It was a tough game for quarterback Justin Fields in his first NFL start. The rookie looked exhausted at the end of this beating and you could understand why. The Browns threw a variety of stunts and blitzes at the Bears offense and you have to wonder, even if they had seen them all on film and prepared for them, if they could have stopped them. It was impossible to even begin to judge his performance because he never had a chance. Fields has certainly never played in a game like that in his entire life. You only hope now that he has what it takes to fight back and recover rather than allowing this game to psychologically damage him to the point where his chances of success in the league are seriously affected.

At least some of the sacks were on Fields. But most of them were a result of an offensive line that was overwhelmed and unprepared for the onslaught and which got very little help once it because evident that they were having trouble handling it. If the Bers were going max protect to help their beleaguered quarterback, I didn’t see it much.

The Browns defensive backfield, supposedly the weakness of their team, had a field day against the Bears receivers in man coverage. Knowing that the Bears had to get the ball out fast, they sat on short routes and made it impossible for Bears receivers to get open.

It will be on head coach Matt Nagy to clean up this mess. It is now his task and that of his coaches and players to face the film, try to get a handle on the many problem that this game exposed and to formulate a plan to tackle the massive task of correcting them. It going to be a long week and beyond as the team pulls itself together. We will find out what they and their young quarterback are made of in the process.


  • The Bears appeared to play a lot of two deep zone defense today as they usually do. Quarterback Baker Mayfield did a good job of trying to hit the soft spots in the zone and was generally effective despite some problems with his accuracy.
  • It was a really good day for the Bears defensive front today. It would not be going to say that the front seven was dominant when rushing the passer, putting Baker Mayfield under good pressure for most of the day. Khalil Mack had 2 sacks despite leaving the game early along with Akiem Hicks. Both came back. Robert Quin had 1.5 sacks as he continues to recover from a miserable year last year. The team as a whole had 5 as Bears defensive coordinator continued to scheme sacks for them in a way that Chuck Pagano never did.
  • It helped that the defensive line got Mario Edwards Jr. back from a two-game suspension. He reportedly was one of the best players in training camp, constantly getting into the backfield. He had 1 sack and was disruptive as was Jeremiah Attoachu.
  • The Bears allowed 215 yards rushing (5.1 yards per carry) and you could say that the loss of Eddie Goldman to a knee injury affected the game. But in fairness, the Browns have two dynamic runners in Nick Chubb and Kareem Hunt and a strong offensive line.
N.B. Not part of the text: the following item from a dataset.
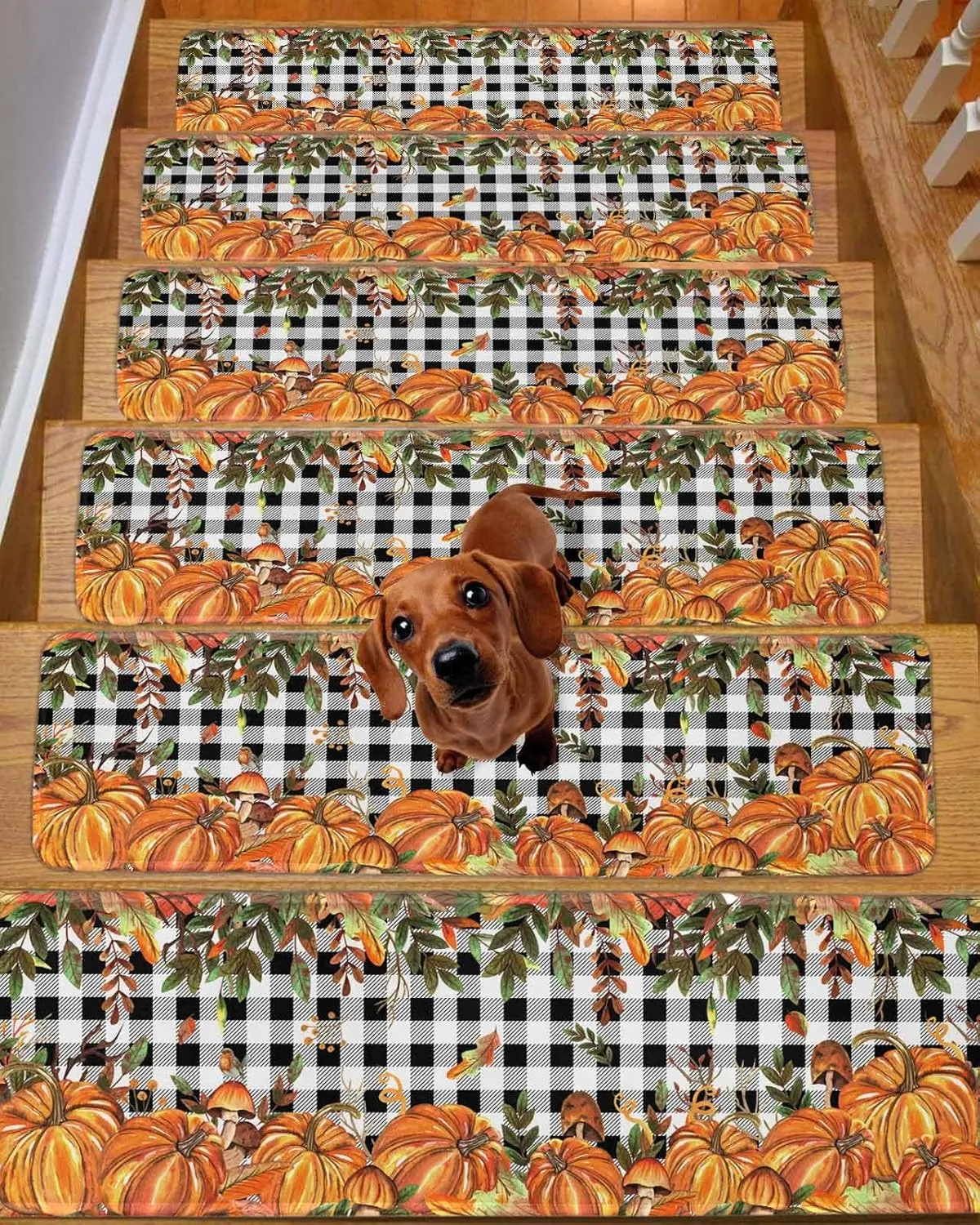 Fall Stair Treads Non Slip Indoor Stair Runner Set of 10 Carpet Stair Treads for Wooden Steps 30"x8" Autumn Pumpkin Mushtoom Leaf Check Black White Stair Carpet Treads for Dog, Kid, Elder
And it didn’t help that the Bears defense wore down after being left out on the field for almost 40 minutes as the Browns dominated time of possession.
  • Duke Shelley gave up a lot of key completions last week and had a miserable day. Cooper Kupp got loose against the Bears in the opener as he caught four passes for 83 yards going against Marqui Christian. Shelley replaced Christian against the Bengals, and they completed six of seven passes targeting Shelley for 72 yards and a 109.5 rating. According to Pro Football Reference, opponents had a 118.1 rating throwing against Shelley last season. However, I didn’t see that much wrong with what Shelley did today. It was a nice job of recovering after such a terrible game and the effort may make Bears fans feel better about the nickel corner back position from here on out.
  • The Bears linebackers had a tough day in coverage. Both Hunt and tight end Austin Hooper had big chunk gains against the Bers defense. Running back Demetric Felton also had some good gains early.
  • I’m surprised Alec Ogletree hasn’t been exposed that much in coverage yet. Most of the burden appears to have fallen to Roquan Smith and doesn’t look like he’s been asked to do it much. Ogletree has generally looked OK and is more mobile than Danny Trevathan at this point in his career. Before today he has been on the field for 80 of 107 defensive snaps (74.8%) and has eight tackles with a quarterback hit that led to defensive lineman Angelo Blackson’s interception Sunday.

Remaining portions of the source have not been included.